Up to date as of January 14, 2010
(Redirected to Life on Mars (TV series) article)

From Wikiquote

Life on Mars (2006-2007) is a British TV series which mixes time travel with police drama.

Written by Tony Jordan, Matthew Graham and Ashley Pharoah

Contents

Series 1

The Crash [1.1]

[To a murder suspect, regarding an entry in his diary]
Sam Tyler: From the diary, quote, "I killed her. She's been killed. I'm a killer, an ace killer." That particular entry is not awash with ambiguity.

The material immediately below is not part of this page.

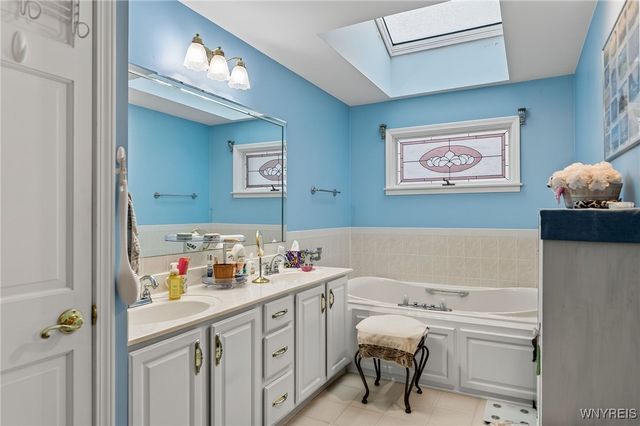 35 Hampton Hill Drive, Amherst, NY 14221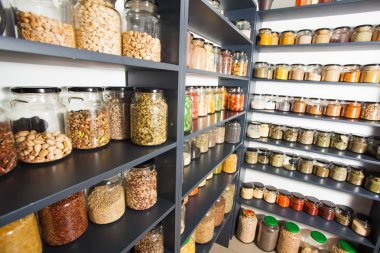 Renkli doğal baharatlar ile bir dükkanda Raf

Chris Skelton: Someone needs to take a look at you boss, you're as white as a ginger bird's arse!

[After Sam, disorientated and confused by his new surroundings, has challenged Gene's authority]
Gene Hunt: They reckon you've got concussion - I couldn't give a tart's furry cup if half your brains are falling out. Don't ever waltz into my kingdom acting king of the jungle.
Sam Tyler: Who the hell are you?
Gene Hunt: Gene Hunt. Your DCI. And it's 1973. Almost dinner time. I'm 'aving 'oops.

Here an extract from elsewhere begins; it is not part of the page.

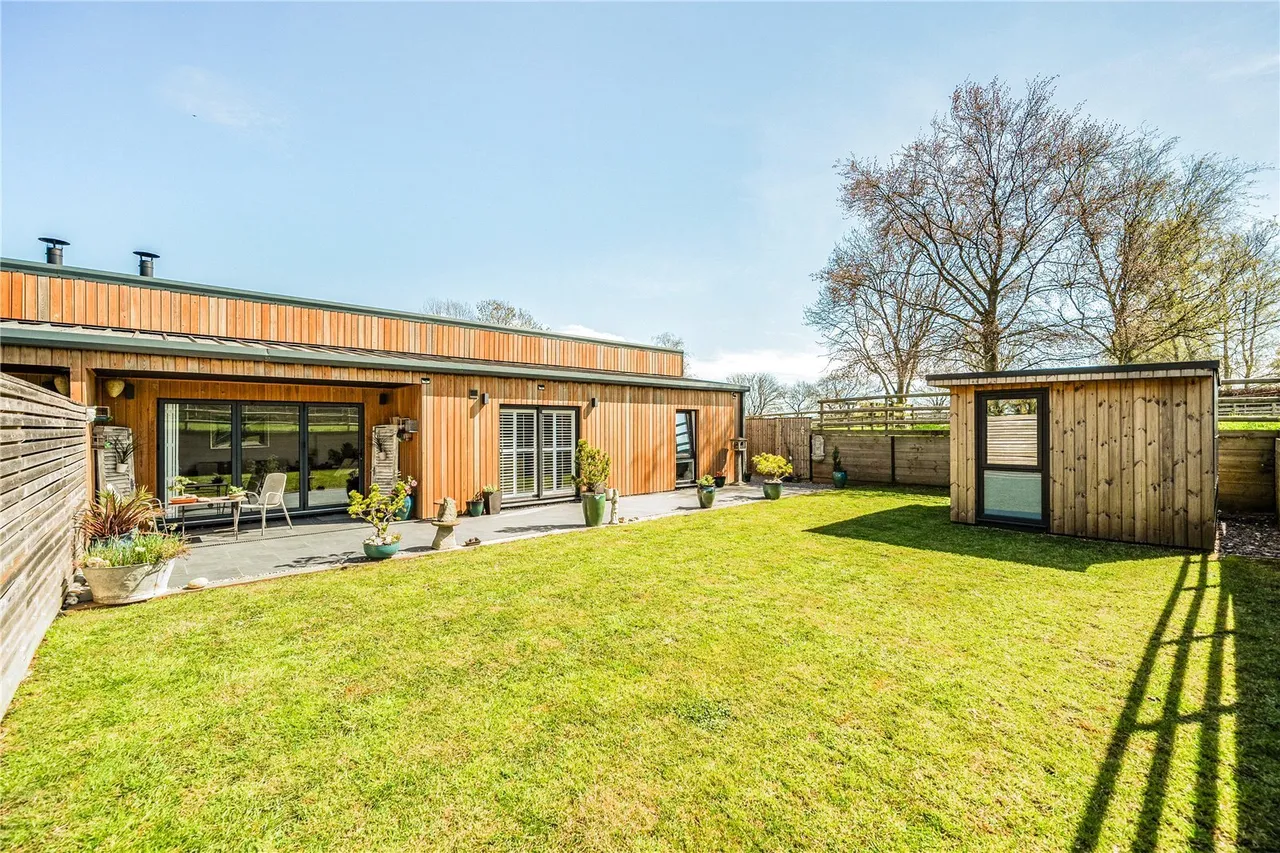 4 bed property for sale, North Perrott, Crewkerne, TA18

[Trying to call a mobile phone number]
Sam Tyler: I need you to connect me to a Virgin mobile number -
Operator: Don't you start that sexy business with me, young man. I can trace this call.

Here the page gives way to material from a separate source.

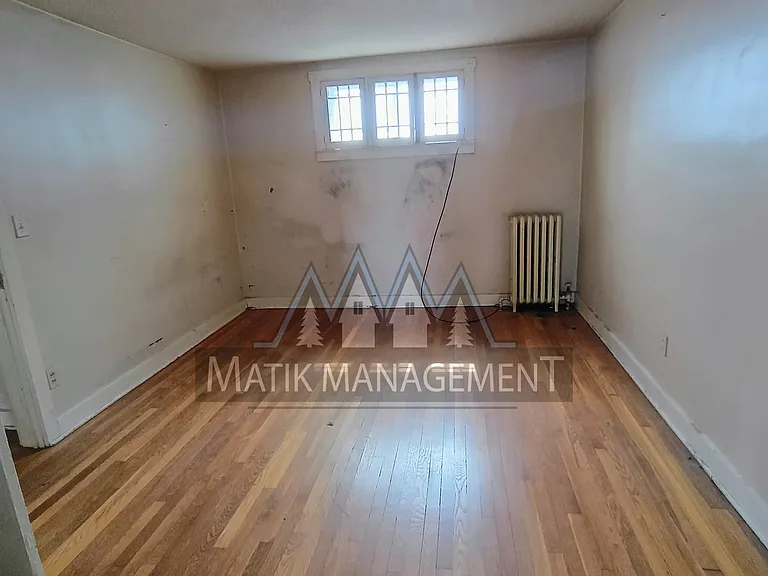 143 Main St W #1/2 — Photo 12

[Annie complies with Sam's request to hit him by punching him in the kidneys - when he wasn't expecting it]
Sam Tyler: Ow! Shit!
Annie Cartwright: I'm sorry, sir!
[Gene enters, seeing the two bent over]
Gene Hunt: Hey hey, good girl, prostate probe and no jelly!

Gene Hunt: [To Sam] Where are you today, then? Here, or Planet of the Clangers?

[Open University is on TV, presenter's geometry-exercising turns into medical diagnostics from 2006.]
Sam: [alerted and denying he'd be in a deep coma] Wait! I’m in BUPA! Get me out of here!
[means he's got a private health insurance -British United Provident Association-]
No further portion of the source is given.